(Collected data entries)
== Segment start ==
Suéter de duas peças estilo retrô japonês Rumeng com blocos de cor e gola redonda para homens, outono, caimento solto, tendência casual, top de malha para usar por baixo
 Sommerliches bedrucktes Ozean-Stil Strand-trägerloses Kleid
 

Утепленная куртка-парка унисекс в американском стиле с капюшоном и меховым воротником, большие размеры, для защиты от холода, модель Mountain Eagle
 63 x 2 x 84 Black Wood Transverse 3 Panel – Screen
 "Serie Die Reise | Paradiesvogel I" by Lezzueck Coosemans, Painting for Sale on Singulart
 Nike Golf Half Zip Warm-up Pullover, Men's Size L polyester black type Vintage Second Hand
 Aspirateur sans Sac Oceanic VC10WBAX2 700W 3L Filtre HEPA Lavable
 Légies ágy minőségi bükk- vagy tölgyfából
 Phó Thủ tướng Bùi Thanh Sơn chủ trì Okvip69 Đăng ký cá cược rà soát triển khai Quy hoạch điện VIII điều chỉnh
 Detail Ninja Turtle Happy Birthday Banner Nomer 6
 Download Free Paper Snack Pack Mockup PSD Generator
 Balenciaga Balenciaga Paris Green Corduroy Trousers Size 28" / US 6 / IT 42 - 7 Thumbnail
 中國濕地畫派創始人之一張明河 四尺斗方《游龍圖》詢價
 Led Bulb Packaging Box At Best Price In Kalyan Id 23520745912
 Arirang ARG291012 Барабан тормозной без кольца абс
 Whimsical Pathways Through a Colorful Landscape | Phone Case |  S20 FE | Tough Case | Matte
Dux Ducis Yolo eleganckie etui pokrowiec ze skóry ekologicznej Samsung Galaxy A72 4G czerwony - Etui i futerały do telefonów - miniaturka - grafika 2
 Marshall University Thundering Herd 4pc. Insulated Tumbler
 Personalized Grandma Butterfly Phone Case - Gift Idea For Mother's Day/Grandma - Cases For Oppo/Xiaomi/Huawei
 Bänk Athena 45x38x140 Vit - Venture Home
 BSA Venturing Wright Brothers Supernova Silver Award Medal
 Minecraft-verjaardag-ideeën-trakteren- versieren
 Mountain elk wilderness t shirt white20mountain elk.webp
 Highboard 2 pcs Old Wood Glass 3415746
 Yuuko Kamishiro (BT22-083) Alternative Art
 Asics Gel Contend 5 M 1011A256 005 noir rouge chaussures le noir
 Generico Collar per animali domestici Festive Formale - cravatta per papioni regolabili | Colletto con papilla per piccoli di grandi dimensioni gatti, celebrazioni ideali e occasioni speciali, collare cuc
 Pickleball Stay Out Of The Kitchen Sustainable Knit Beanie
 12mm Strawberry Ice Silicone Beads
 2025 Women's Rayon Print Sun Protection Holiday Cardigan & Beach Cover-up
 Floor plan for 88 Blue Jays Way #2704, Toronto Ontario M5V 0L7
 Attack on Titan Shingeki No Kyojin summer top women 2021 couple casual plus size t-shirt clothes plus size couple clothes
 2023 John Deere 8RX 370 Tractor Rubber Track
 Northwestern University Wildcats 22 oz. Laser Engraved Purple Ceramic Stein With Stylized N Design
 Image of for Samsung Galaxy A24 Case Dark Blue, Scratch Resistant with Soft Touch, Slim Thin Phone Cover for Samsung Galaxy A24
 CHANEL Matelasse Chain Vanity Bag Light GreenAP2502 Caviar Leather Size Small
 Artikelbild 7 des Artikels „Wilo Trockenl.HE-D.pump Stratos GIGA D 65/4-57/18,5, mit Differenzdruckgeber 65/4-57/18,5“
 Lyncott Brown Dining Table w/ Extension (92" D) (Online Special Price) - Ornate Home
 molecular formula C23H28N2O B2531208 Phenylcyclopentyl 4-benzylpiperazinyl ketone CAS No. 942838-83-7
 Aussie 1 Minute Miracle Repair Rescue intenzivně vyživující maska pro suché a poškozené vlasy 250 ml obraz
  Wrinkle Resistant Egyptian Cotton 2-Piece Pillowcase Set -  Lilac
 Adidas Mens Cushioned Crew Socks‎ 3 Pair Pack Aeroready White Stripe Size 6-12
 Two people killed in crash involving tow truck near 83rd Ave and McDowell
== Segment end ==
Set down precisely the lines above between the line holding "Phó Thủ tướng" and the line holding "Led Bulb Packaging", inclusive, and nothing beyond them.

▸ **Answer to this exercise**:
 Phó Thủ tướng Bùi Thanh Sơn chủ trì Okvip69 Đăng ký cá cược rà soát triển khai Quy hoạch điện VIII điều chỉnh
 Detail Ninja Turtle Happy Birthday Banner Nomer 6
 Download Free Paper Snack Pack Mockup PSD Generator
 Balenciaga Balenciaga Paris Green Corduroy Trousers Size 28" / US 6 / IT 42 - 7 Thumbnail
 中國濕地畫派創始人之一張明河 四尺斗方《游龍圖》詢價
 Led Bulb Packaging Box At Best Price In Kalyan Id 23520745912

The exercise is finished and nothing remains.